Using GPUs¶
PopPUNK can use GPU acceleration of sketching (only when using sequence reads), distance calculation, network construction and some aspects of visualisation. Installing and configuring the required packages necessitates some extra steps, outlined below.
Installing GPU packages¶
To use GPU acceleration, PopPUNK uses cupy, numba and packages from RAPIDS. Both cupy and numba can be installed as standard packages using conda. To install RAPIDS, see the guide. We would recommend installing into a clean conda environment with a command such as:
conda create -n poppunk_gpu -c rapidsai -c nvidia -c conda-forge \
-c bioconda -c defaults rapids=0.17 python=3.8 cudatoolkit=11.0 \
pp-sketchlib>=1.6.2 poppunk>=2.3.0 networkx cupy numba
conda activate poppunk_gpu
The version of pp-sketchlib on conda only supports some GPUs.

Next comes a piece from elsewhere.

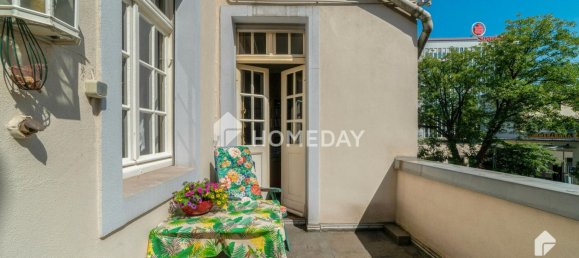 Villa T5 em Duisburg, Germany N.º 25270 16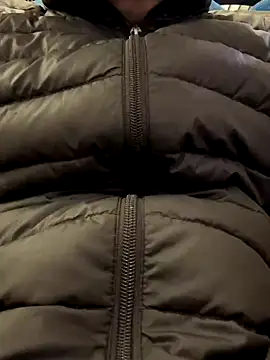 hiromu53 online show from December 23, 2025, 8:56 am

If this doesn’t work for you, it is possible to install from source. Add the build dependencies to your conda environment:
conda install cmake pybind11 highfive Eigen armadillo openblas libgomp libgfortran-ng
Note
On OSX replace libgomp libgfortan-ng
with llvm-openmp gfortran_impl_osx-64
,
and remove libgomp
from environment.yml
.
Clone the sketchlib repository:
git clone https://github.com/johnlees/pp-sketchlib.git
cd pp-sketchlib
Edit the CMakeLists.txt
if necessary to change the compute version used by your GPU.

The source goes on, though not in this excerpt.